Evanston Mayor Daniel Biss gave unionized Starbucks baristas something they rarely get in a store-level labor fight: a sitting mayor willing to stand in public and say the company’s conduct had crossed a line. At a May 27 news conference outside Morton City Hall, 909 Davis St., Biss stood beside workers holding No Contract? No Coffee signs and said the city had received credible reports of truly abusive behavior by Starbucks.
The event pulled the dispute out of the usual backroom bargaining lane and into city politics.

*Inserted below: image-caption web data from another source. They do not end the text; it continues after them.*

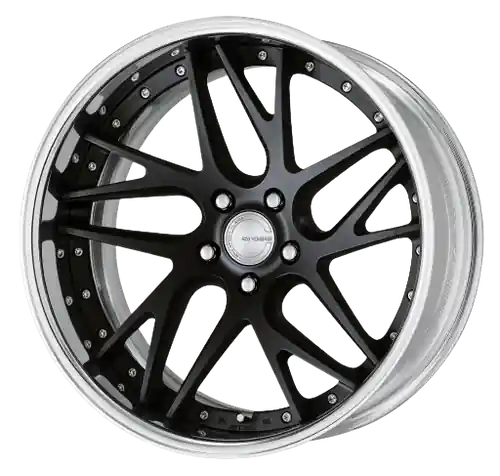 Price Drop Work Gnosis Cvx 5x112 22x8.5+12 W Disk Matte Black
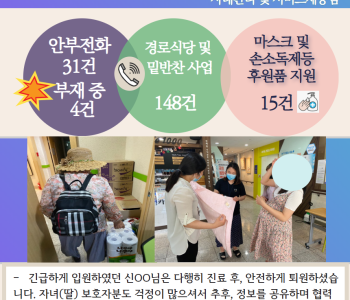 6월 15일 코로나19 극복! 안부전화로 마음을 전합니다. 이미지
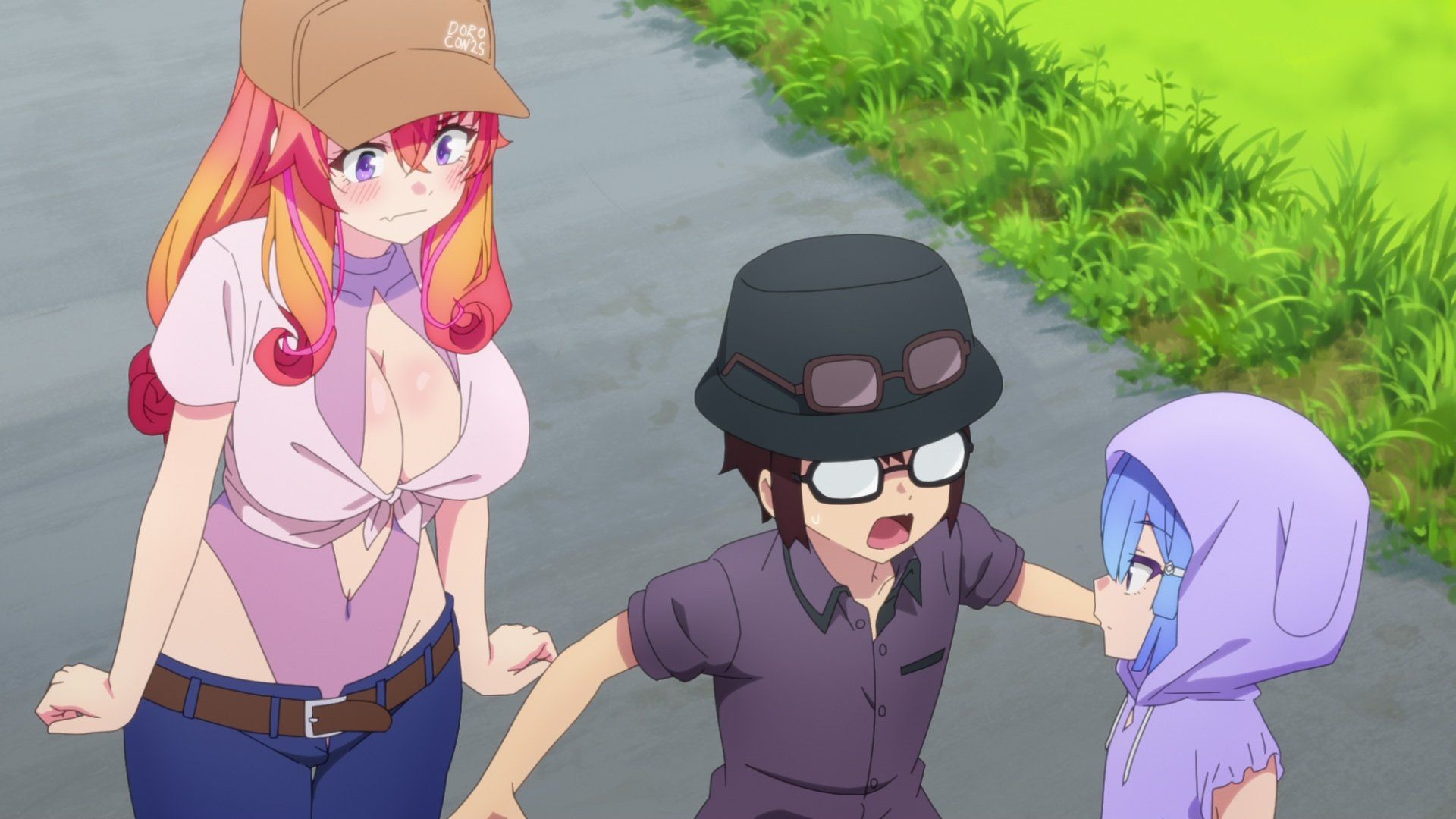 Makina-san's a Love Bot?! background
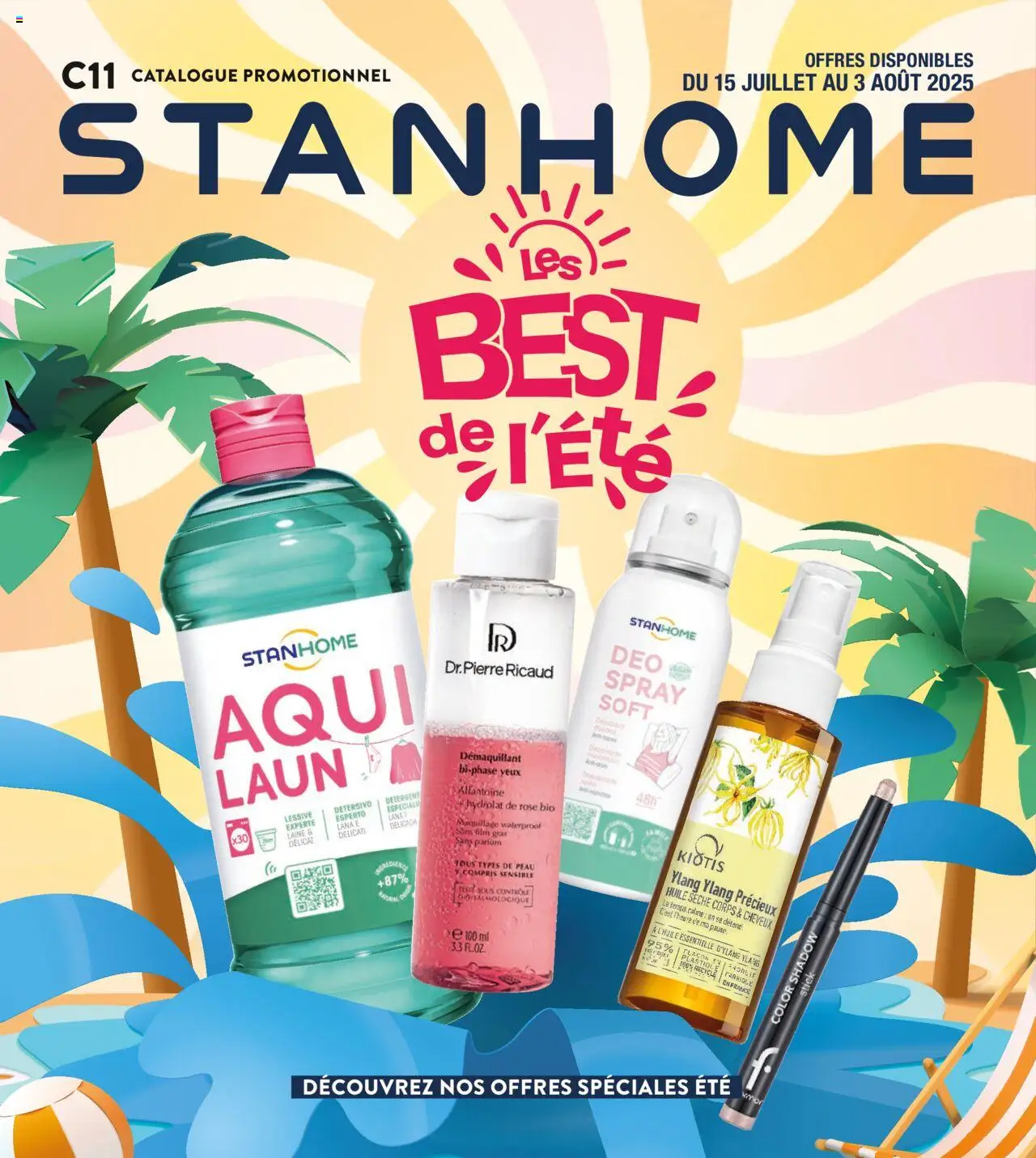 Stanhome catalogue - page 1 - valable à partir du 15/07/2025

Biss, baristas, faith leaders, councilmembers and community allies were pressing Starbucks to follow Evanston’s Fair Workweek Ordinance, 24-O-23, stop what they described as violations of local and federal law, and finalize a fair first union contract. For workers, that kind of public backing can matter fast. It gives pickets more credibility, makes customer complaints harder to brush off and adds pressure on managers who are trying to keep the café running while the labor fight spills onto the sidewalk.

The Evanston Dempster Street Starbucks has been part of that conflict for months. During the November 2025 strike, workers said the store had about 20 members of Starbucks Workers United and that average pay ran roughly $17 to $19 an hour. The union said more than 1,000 baristas in 65 stores across 40-plus cities launched an open-ended unfair labor practice strike on Nov. 13, 2025, timed to Red Cup Day, the company’s reusable-cup promotion. Starbucks said the walkout affected less than 1% of its stores and that Red Cup Day sales were ahead of projections.
Workers United has said Starbucks has refused to put forward new proposals on wages, staffing and hundreds of unfair labor practice charges. In Evanston, the Dempster Street store later reopened on a part-time basis in February 2026, but the union said the dispute remained unresolved. That leaves the local store in a familiar Starbucks bind: one side trying to normalize operations, the other trying to keep pressure on until a contract closes the gap between company messaging and what baristas say they experience on the floor.

For store managers and shift supervisors, the message from Evanston is blunt. A labor dispute that once looked contained to bargaining sessions can become a public test of how much city leaders, customers and the broader community are willing to tolerate before the company settles.